La nostra proposta: il bonus biometano
Lo strumento normativo che potrebbe costituire un importante volano alla realizzazione degli investimenti nella filiera del biometano, per essere attraente ed efficace, deve unire le caratteristiche proprie della procedura ‘automatica’ con quelle proprie degli strumenti di copertura finanziaria degli investimenti non ‘a posteriori’ cioè ad impianto finito e funzionante, quando lo sforzo finanziario è già completato e l’imprenditore può solo ‘recuperare’ risorse utili solo al conto economico di esercizio.
Un investimento nel biometano per un nuovo impianto richiede impieghi compresi tra i 10 e i 20 milioni di euro, e risente ancora oggi, dopo tre anni di normativa incentivante, di ostacoli come quelli dovuti all’impreparazione delle banche, che mostrano difficoltà nel valutare i rischi connessi al ritorno dei prestiti.
Utilizzando le ingenti risorse del PNRR, il prestito va erogato dallo Stato, che, come già succede per alcune normative, può non richiedere garanzie reali, liberando beni destinati eventualmente ad essere forniti in garanzia alle banche per un prestito integrativo di più modesto importo.
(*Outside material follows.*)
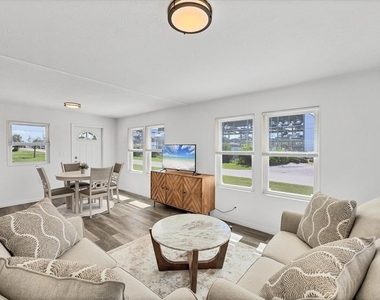 3280 Holly Avenue - Photo Thumbnail 10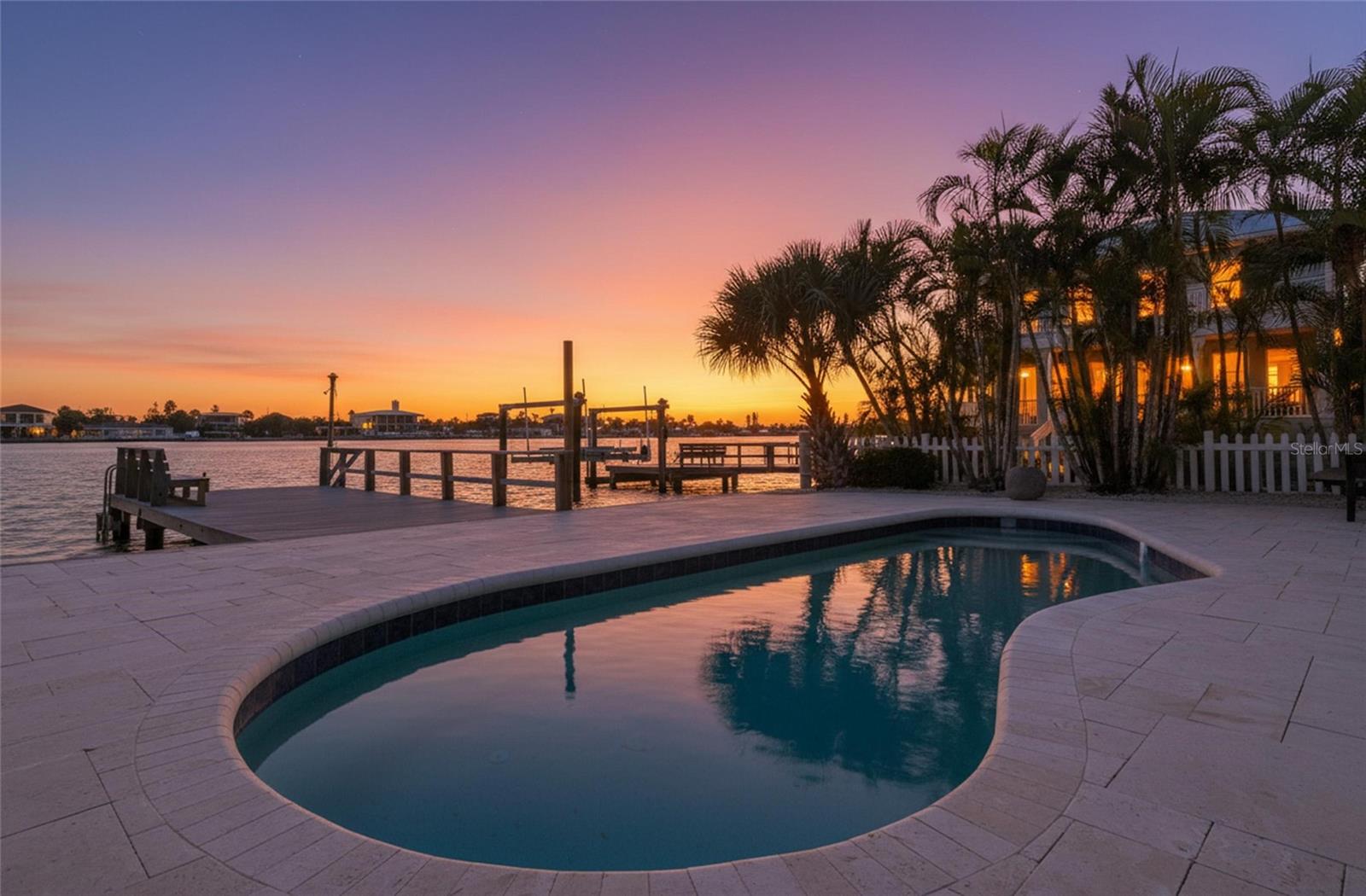4th image of 8485 Blind Pass Dr, Treasure Island, FL 33706 | MLS# TB8495696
Il meccanismo è quello ben collaudato del bando “macchinari innovativi”, che prevede un’erogazione del 75% dell’importo dell’investimento, con una quota che può arrivare al 35% a fondo perduto e un piano di ammortamento in 10 anni senza interessi e senza alcuna garanzia.
Questo strumento ha già mostrato la sua efficacia nei tre bandi pubblicati nel corso degli ultimi anni per il sud Italia e le risorse disponibili sono state ampiamente spese. La compartecipazione da parte dell’imprenditore del 25% dell’investimento potrebbe anche essere coperta in parte da una banca con un prestito garantito di breve rientro se si considerano i tempi di ritorno di un investimento nel biometano.
Si tratterebbe di estendere il meccanismo vincente di questo regime di aiuto all’intero territorio italiano, anche limitandone eventualmente l’accesso ai soli investimenti con requisiti 4.0.
Le erogazioni della quota pubblica (75 per cento) del nuovo strumento (Bonus biometano) potrebbero avvenire in soli 45 giorni a semplice presentazione di fatture non quietanzate e al contestuale versamento su un conto corrente vincolato della quota privata (25 per cento). In questo modo l’imprenditore avrebbe un flusso di cassa che gli consentirebbe di realizzare l’impianto immettendo nell’iniziativa le proprie risorse finanziarie (o quelle della banca) in maniera graduale e proporzionale agli stati di avanzamento dell’investimento.
Il nuovo Bonus biometano sarebbe facilmente riconosciuto come regime di aiuto in esenzione ai sensi del Regolamento GBER, in quanto i massimali rientrerebbero in quelli stabiliti dallo stesso.
Investire nel biometano con il Bonus biometano sarebbe semplice, gli investimenti si moltiplicherebbero e gli obiettivi di decarbonizzazione sarebbero facilmente raggiunti in pochi anni.
Il bonus biometano troverebbe facile applicazione anche per gli impianti biogas agricoli esistenti, con una semplice modifica normativa, finalizzata ad accelerare il passaggio, oggi assai lento, da biogas a biometano, utilizzando ad esempio una ‘buona uscita’ dall’elettrico all’imprenditore agricolo.